Su described that the last five years have exploded with mobile devices and new business models, which have translated into a tremendous amount of strain and heavy workloads, which are changing at unprecedented rates.
She cited a statistic asserting that global data center IP traffic will grow by more than 30 percent on a compounded annual growth rate, or 6.6 zettabytes, within five years.
"The data center is where we think the growth will be and where the innovation will be," Su said, arguing that ARM technology-based CPUs can revolutionize the data center by providing disruptive compute per dollar and compute per watt rates.
"We're going to open up the next level of computing with ARM 64, transforming the server area into a whole new opportunity," Read also commented, adding that includes differentiated IP across "an ambidextrous architecture."
While that strategy might seem complex, the end goal is simple: deliver lower-cost solutions on a faster timeline.
Read argued that together, "AMD and ARM can change the industry landscape" because they "share a common vision about the industry" as well as a vision on "how to disrupt it together."
ARM CEO Warren East delivered his address via video, which was shot in the back of a London black taxi cab at Heathrow International Airport as his travel plans were derailed by Hurricane Sandy.
Basically, both parties are trying to frame this as a win-win situation.
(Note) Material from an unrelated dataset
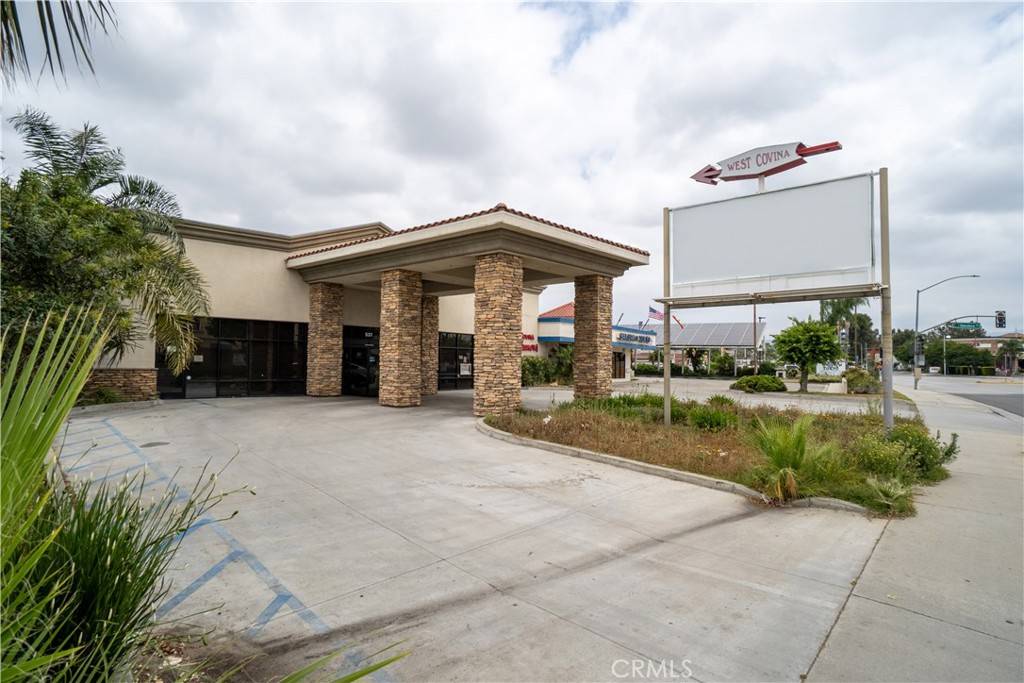 West Covina, CA 91790,537 S Glendora AVE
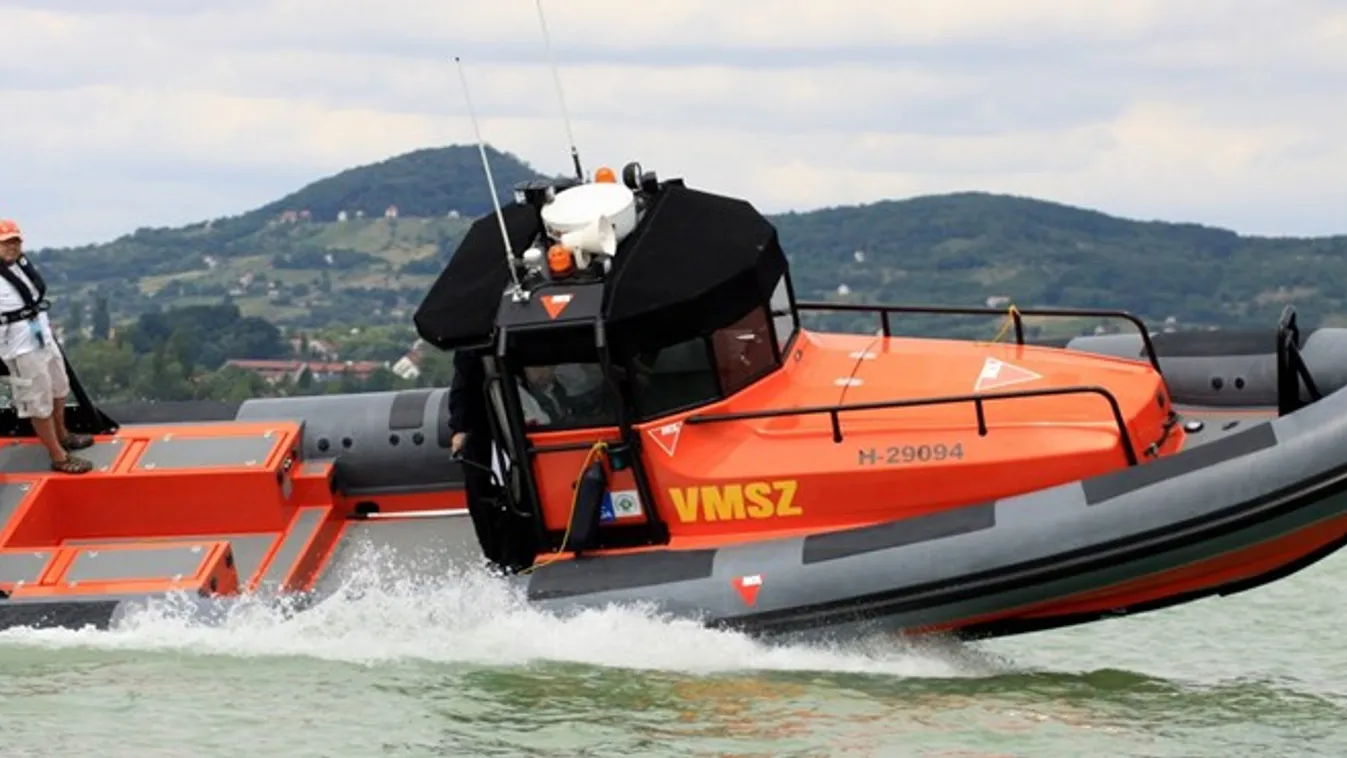 Szentendre és Csepel közt szolgál az új dunai mentőhajó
East explained that ARM forged a partnership with AMD because of the chipmaker's knowledge of the channel, system designers, and the software ecosystem required in the server space makes for "a great match." Su added that ARM has a great client ecosystem as well.
ARM-based AMD Opteron processors for servers are scheduled to launch in 2014. These ARM technology-based processors will embed the AMD SeaMicro Freedom supercompute fabric, which Su quipped is the "secret sauce" behind this solution.
Additionally, AMD executives said the company will continue to design x86 CPUs and APUs for client and server markets.